Every child grows up loving pudding. It is one of the first foods we can eat, you don’t need to chew it, and it tastes great. What more can a kid ask for? When we grow up, many people think that we have to eat fancy desserts all the time. Don’t get me wrong, I love the fancy ones as much as anyone, but occasionally I like to go back to the basics and the comforting foods of childhood. Silky, satiny, luxurious chocolate pudding is one of my favorites.
While you can always use the boxed mixes for pudding, once you make your own and see how simple it really is, I think you will forgo the boxes entirely. There will always be times when the convenience factor outweighs everything else, and that is fine. But when you want a real treat, one without a lot of additives and preservatives, make it from scratch.
Pudding is really easy to make. Combine ingredients and heat them, temper your eggs, stir it all together and wait for it to thicken over the heat! A couple of things to watch out for and you will have a perfect pudding every time. Make sure you use a whisk. Nothing mixes dry ingredients into fluids better. If you are using a non-stick saucepan, buy a nylon whisk that won’t scratch the pan. Keeping the liquid moving helps it from scorching on the bottom and getting lumpy. The other thing to be careful of is introducing eggs into the hot liquid. Add a little of the hot liquid to the eggs first to warm them slightly before adding to the remaining hot liquid. This is called tempering.
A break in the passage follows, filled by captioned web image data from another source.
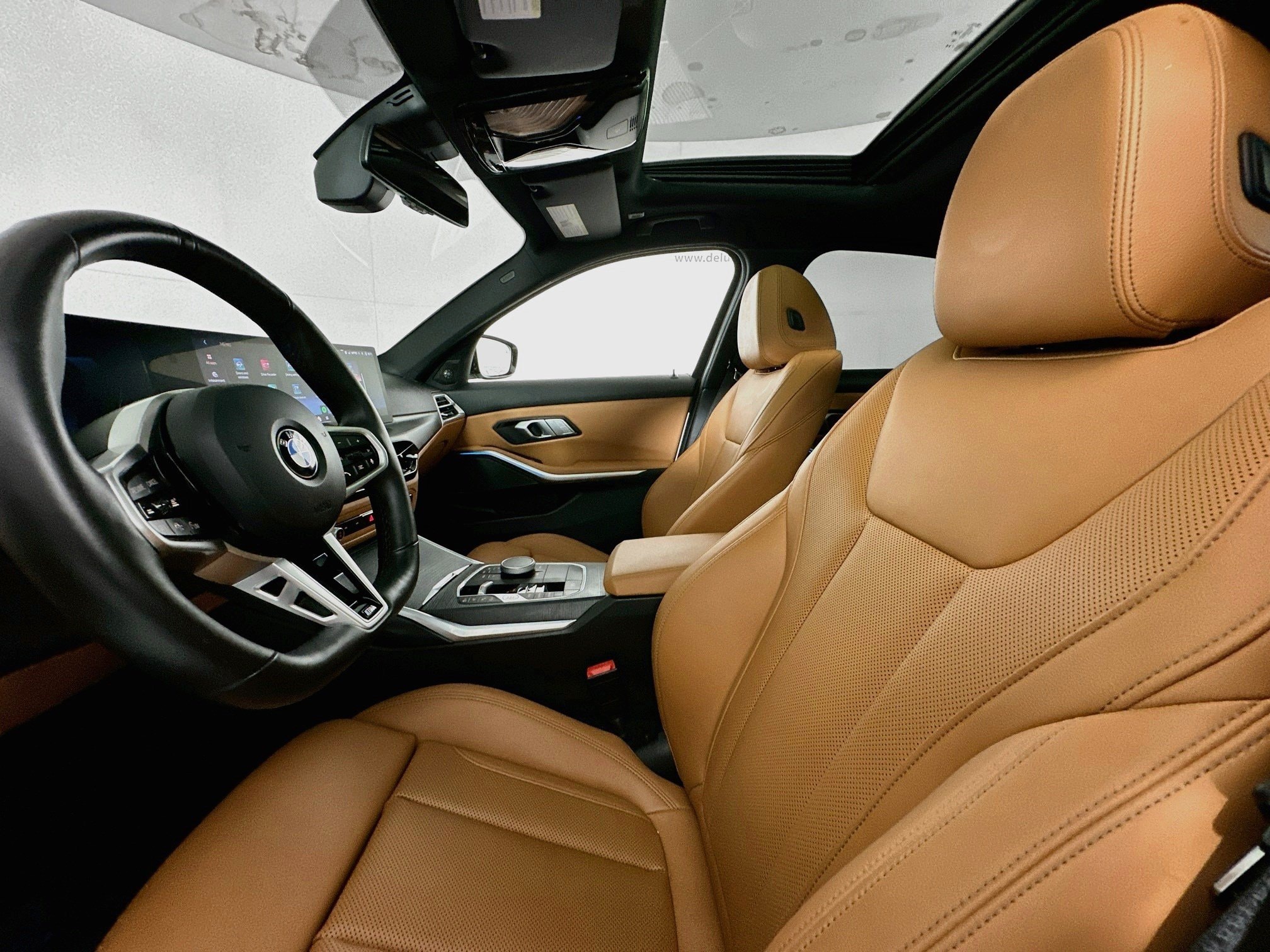 2025 BMW 3 Series 19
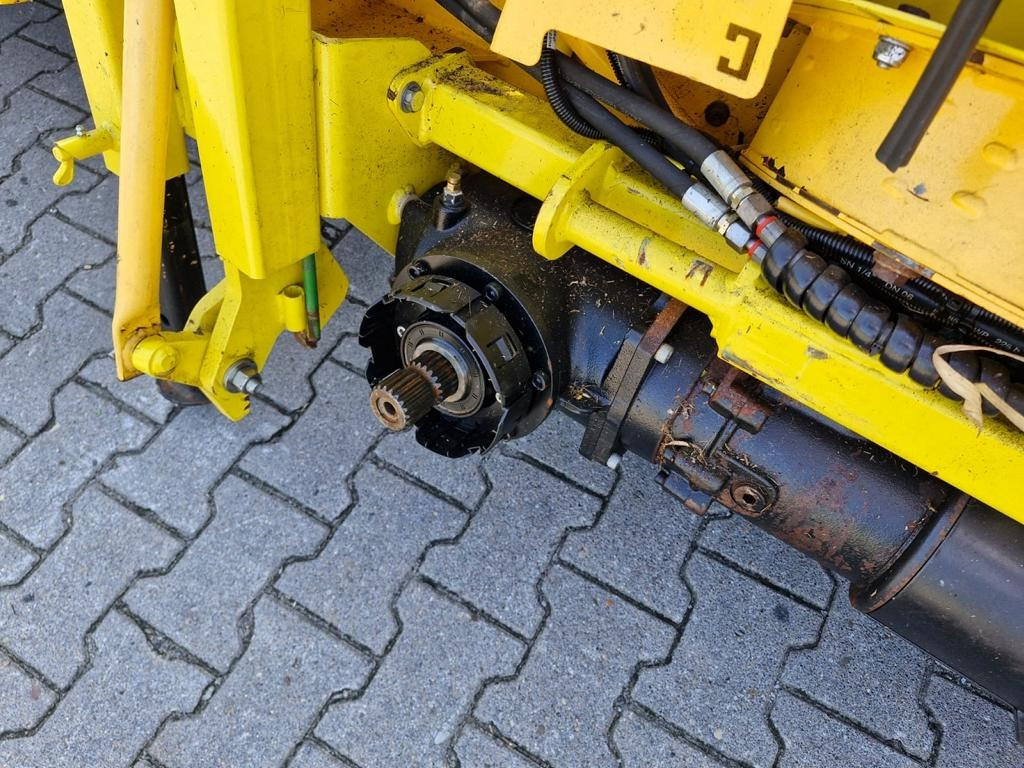 New Holland MAISVORSATZ 900S FI / 390 - Kukurūzų pjaunamoji: foto 4 New Holland MAISVORSATZ 900S FI / 390 - Kukurūzų pjaunamoji: foto 4
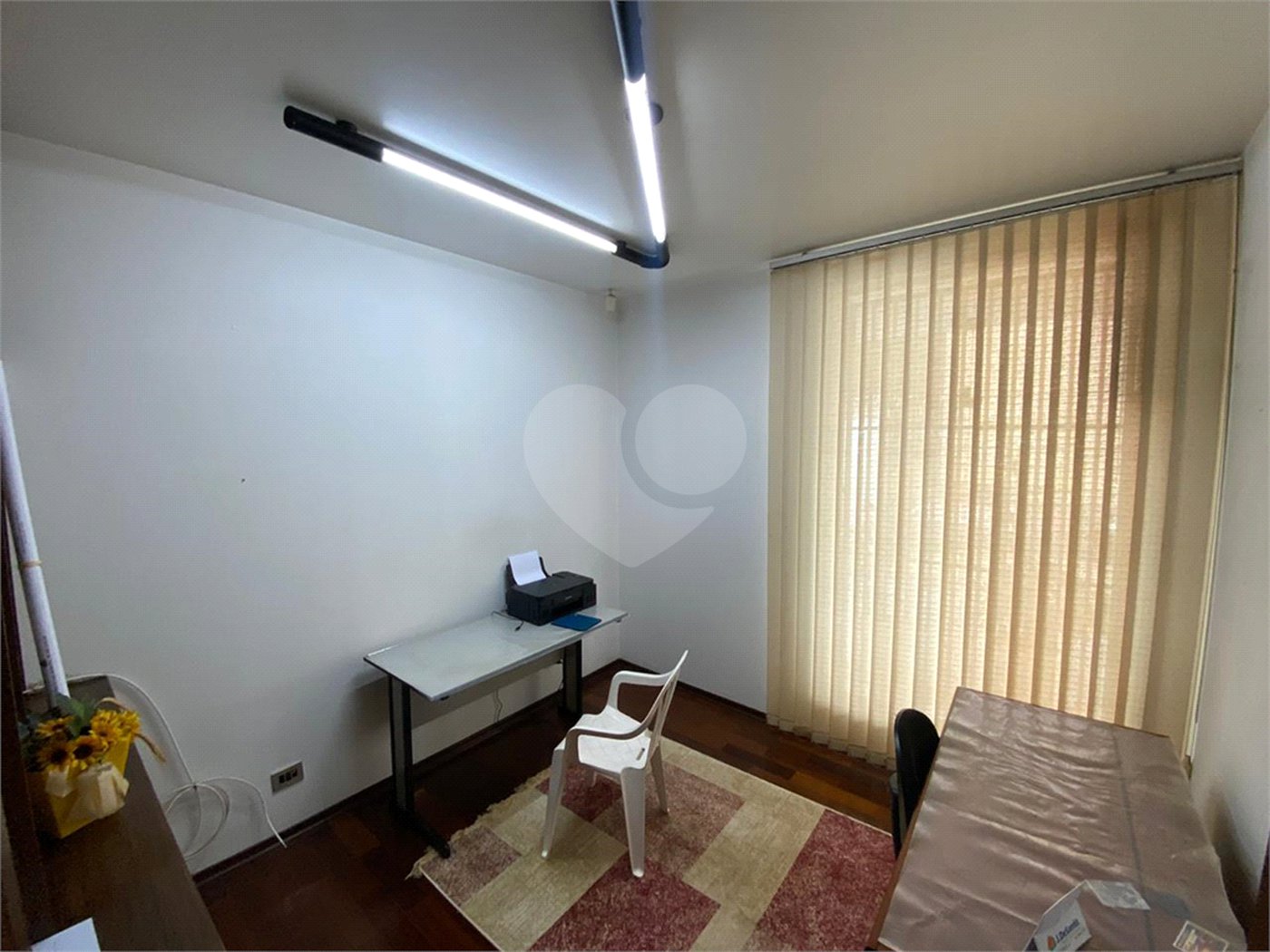 Casa Térrea com 3 suítes, sendo 1 suíte master.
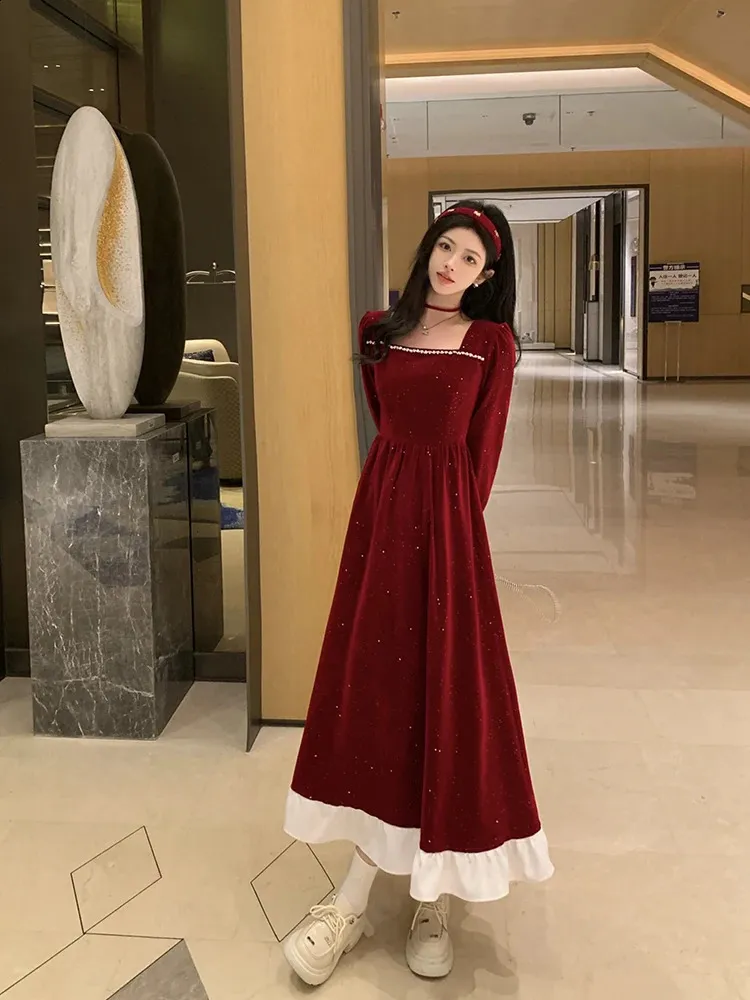 Elegant Velvet Christmas Christmas Party Dress for Women - Warm Ruffle Aesthetics, Gentle and Unique for Parties and Autumn - Vestidos de Mujer (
When I moved into my first apartment and couldn’t afford much, I bought inexpensive pots and pans. These worked for years until I could afford better quality ones. I wish I had invested in them earlier. They heat up and cook more evenly. You don’t have to watch your food as carefully and you can control the heat more easily. There are many good quality products on the market right now that are reasonably priced. I believe you should buy the best that you can afford, one piece at a time, and eventually you’ll have a whole kitchen of top-notch equipment!
When I was growing up my mother always told me that anything tastes better when it is served in pretty glasses – just ask my nieces! Dessert can be treated the same way. I love to pour pudding into pretty glass containers – wine glasses, martini glasses, old-fashioned champagne glasses – to make it seem like an extra special treat. Making the effort to put a little whipped cream on top and a sprig of mint makes even the most mundane desserts look like they came from the finest restaurant.
While we’re on the subject of making things from scratch, I’ll tell you a secret. Nothing pre-made can compare to freshly whipped cream! Without the preservatives and additives to give it a long shelf life, you taste all the nuances of the cream itself. I like to add a little confectioner’s sugar to sweeten it slightly and depending on the dessert, sometimes a bit of vanilla extract or other flavoring.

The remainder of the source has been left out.